We also use symlinks. Symlinks are a way of putting the same file in multiple places. You start with the original file, and then you can symlink it into a new directory. The symlink will tell you where it points to, so it’s easy to tell what the file is. Our most common use for this is symlinking data files from the output of one task into the input of another. This way we can both see where it comes from and keep it up to date in case we change something upstream.
One thing I learned this summer is that among programmers, there is a bit of a war about which editor is best. The two big contenders are emacs and vim. I won’t get into which is objectively better (vim), but I will say that which editor you use is incredibly important. Tools like TextEdit don’t work because they don’t allow easy movement and reformatting. Editors are all about reducing friction between ideas and code. When you have an idea for a way to make your code better, it often involves multiple modifications in multiple places, and the sooner you can get it down on screen, the less chance something slips your mind.
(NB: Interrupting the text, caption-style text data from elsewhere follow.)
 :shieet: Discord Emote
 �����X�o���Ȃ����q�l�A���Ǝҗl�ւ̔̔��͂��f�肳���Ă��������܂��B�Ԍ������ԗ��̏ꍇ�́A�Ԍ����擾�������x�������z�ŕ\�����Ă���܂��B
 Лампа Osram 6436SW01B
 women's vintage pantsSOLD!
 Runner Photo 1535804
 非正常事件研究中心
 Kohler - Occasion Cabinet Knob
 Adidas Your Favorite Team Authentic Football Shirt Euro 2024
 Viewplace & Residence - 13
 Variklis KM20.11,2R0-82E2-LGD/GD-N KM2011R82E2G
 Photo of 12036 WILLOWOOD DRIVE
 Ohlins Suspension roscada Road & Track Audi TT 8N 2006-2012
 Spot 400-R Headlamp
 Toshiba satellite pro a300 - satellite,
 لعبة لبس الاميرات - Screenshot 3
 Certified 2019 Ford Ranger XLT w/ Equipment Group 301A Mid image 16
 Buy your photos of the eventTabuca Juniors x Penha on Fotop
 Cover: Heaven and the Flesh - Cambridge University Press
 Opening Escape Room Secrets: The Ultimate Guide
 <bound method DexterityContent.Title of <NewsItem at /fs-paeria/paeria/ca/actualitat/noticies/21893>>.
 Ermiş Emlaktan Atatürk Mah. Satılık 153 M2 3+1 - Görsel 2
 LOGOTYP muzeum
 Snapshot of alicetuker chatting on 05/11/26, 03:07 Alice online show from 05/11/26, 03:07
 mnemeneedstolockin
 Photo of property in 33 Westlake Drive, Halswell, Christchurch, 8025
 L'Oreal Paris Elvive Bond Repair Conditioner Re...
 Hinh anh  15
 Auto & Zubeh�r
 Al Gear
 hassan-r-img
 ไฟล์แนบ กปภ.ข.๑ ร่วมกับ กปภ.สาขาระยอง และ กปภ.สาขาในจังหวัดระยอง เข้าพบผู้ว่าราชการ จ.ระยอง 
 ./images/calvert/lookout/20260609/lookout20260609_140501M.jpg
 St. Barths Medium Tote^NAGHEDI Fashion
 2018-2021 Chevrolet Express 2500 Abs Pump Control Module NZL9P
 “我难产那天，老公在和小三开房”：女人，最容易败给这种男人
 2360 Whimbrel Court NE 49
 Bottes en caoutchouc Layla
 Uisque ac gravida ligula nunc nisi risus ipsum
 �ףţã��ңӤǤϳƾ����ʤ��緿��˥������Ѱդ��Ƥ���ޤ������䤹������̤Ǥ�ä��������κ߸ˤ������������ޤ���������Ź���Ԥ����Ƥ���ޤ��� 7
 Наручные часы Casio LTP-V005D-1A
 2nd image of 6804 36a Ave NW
We also need a way to keep track of our changes and keep everyone up to date. For this we use two different systems: git and snap.
We use git to store code, documentation, remapping keys, and everything else that isn’t data. We don’t keep data in git for two reasons:
- We compress our data into raw binary, so git thinks that a change in one byte changes the whole file. This results in us having to store two copies of almost the same file, instead of the original file and a key to what has changed, and
- We can’t put sensitive data on GitHub.
Of the issues, No. 2 is the bigger problem. So we use a tool called snap, which was written by Scott Weikart and Patrick. snap solves both these problems. If you want to learn more about snap, you can go to the repo on GitHub. snap is hosted on Eleanor, our local server, so the data never leave our sight. Which brings me to the fourth tool…
At HRDAG, we all work on our own computers, but we’re usually actually working on eleanor, our computer named after Anna Eleanor Roosevelt, the single person most responsible for the Universal Declaration of Human Rights. Eleanor (the computer) has:
- Tons of fast storage, which means that all of our read and write operations are done in a few seconds.
- Lots of computing power, which means that the complex simulations we occasionally run take hours, not days like they would on one of our desktop computers.
- snap and our data files, which means that all the snap operations are as fast as a disk write.
It may seem that these tools are far removed from the important work that HRDAG does. But I’ve learned a lot about how complex problems can be broken down into manageable tasks. As a young person, I’m starting to think that I understand the challenges of the world, but I don’t always know how to find solutions for them. Seeing how the team at HRDAG takes a systematic approach to human rights has made me think about problems I see in my school and community and how I can apply similar tactics and tools to effect change.
That’s my newcomer’s summary of how the HRDAG tools make our work faster and safer. We have a great standard file structure, we use the best editor, we use separate version control systems for code and data, and we have a great server.